I then took that foundation and began my career as a forensic consultant, when I was able to marry my deep understanding to traditional computer forensics with my passion for solving e-discovery problems for my clients. 

I am now fortunate to be at the forefront of identifying and solving some of the Am Law 100’s and S&P 500’s e-discovery technology challenges, especially when dealing with emerging technologies. This is of course very stimulating and fulfilling for a forensic examiner. 

MCC: Let’s talk about the evolution of computer forensics. Setting aside the technological changes for a moment, what has been the single most important change in the field during a career that has seen many changes? 

Ciaramitaro: Technology aside, I’d say the biggest change that has had the single greatest impact in forensics is the myth that data preservation is an all-or-nothing proposition.
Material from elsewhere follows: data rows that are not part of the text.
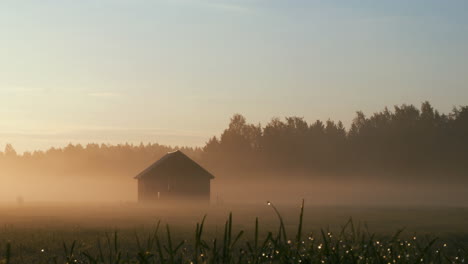 beautiful preserved nature landscape of finland, dolly shot of countryside barn in golden morning fog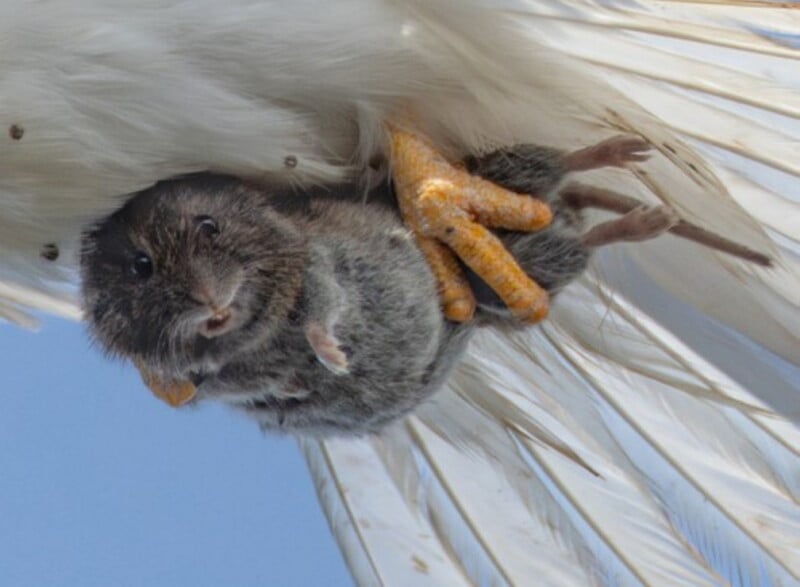 hapless-vole-sp-1397899-800x587-1752982412796-17529824128741937382924-1753057289704-17530572899451256682207.jpg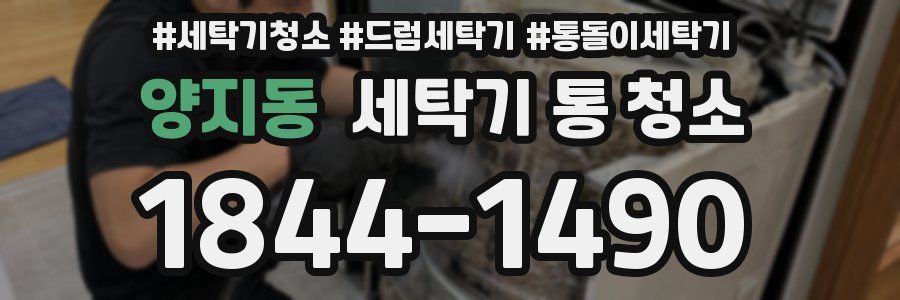 양지동 세탁기 통 청소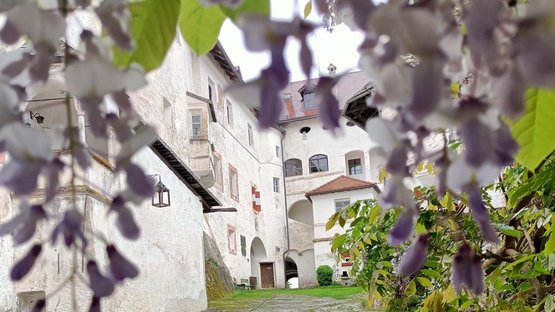 Schloss Rodenegg Blick durch Blüten auf den Innenhof eines historischen Schlosses mit grünem Gras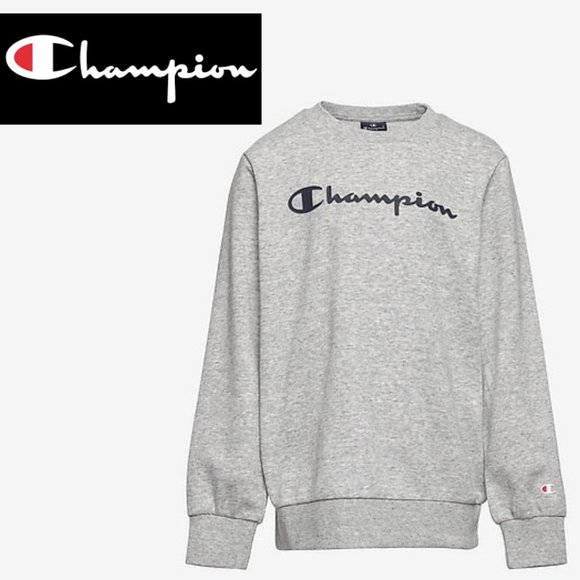 Champion Other - Champion Cotton Fleece Crewneck - Small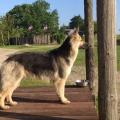 thumbnail_IMG_0463
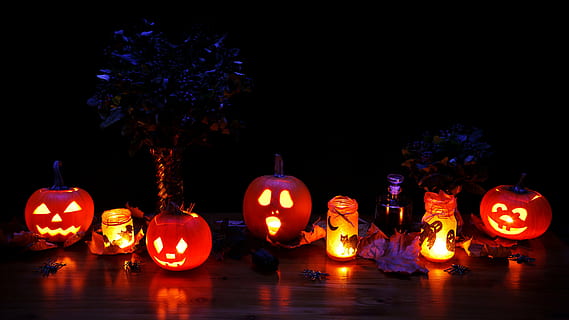 Glowing jack-o-lanterns leer menacingly from the foggy darkness, their  carved faces flickering with firelight
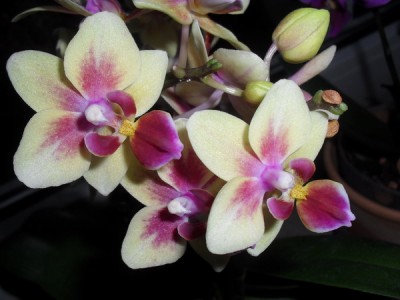 SDC12469_Bildgröße ändern.JPG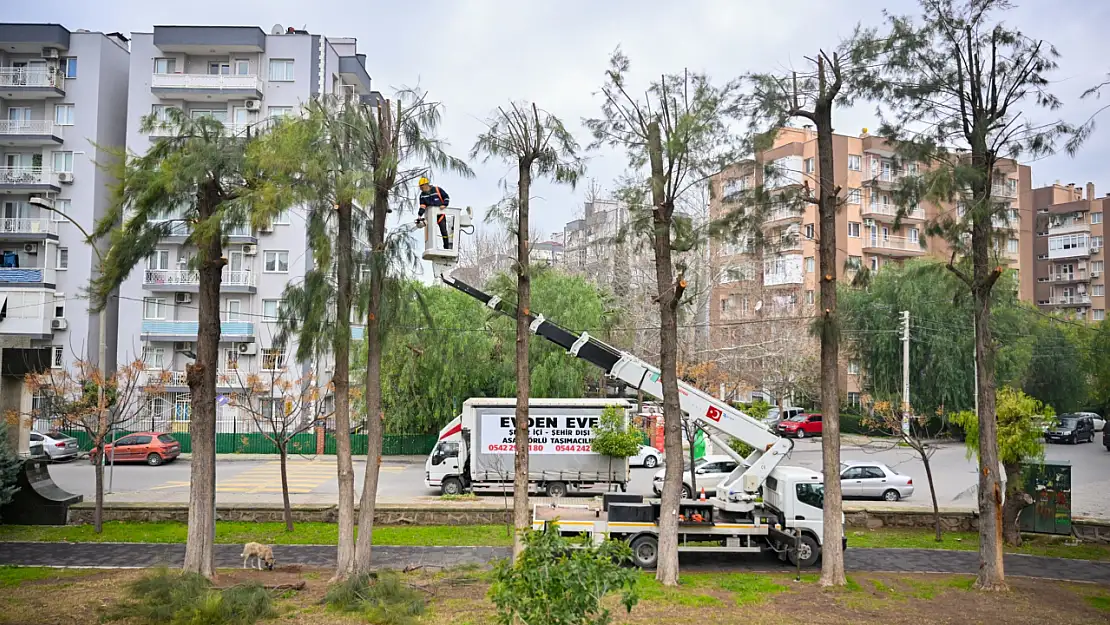 İzmir'de kışa hazırlık için yoğun çalışma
The reality is quite opposite. Understanding that data preservation can be commensurate to the legal team’s needs and the clients’ requirements means that forensic preservation does not always require a scorched earth approach. Sometimes the only requirement is to preserve one folder from an email account, and other times we may be required to recover deleted content from a computer. It can be bits and bytes, or it may require a data lake.

MCC: You’ve worked very closely with corporate law departments on investigations, on e-discovery and in other areas. These are frequently smart and experienced lawyers who are not experts in technology and must rely on others, including advisors such as you. What advice can you give them when it comes to dealing with forensic experts and the highly sensitive matters they frequently deal with? What can they do to most help you and your colleagues achieve the results they need you to deliver? 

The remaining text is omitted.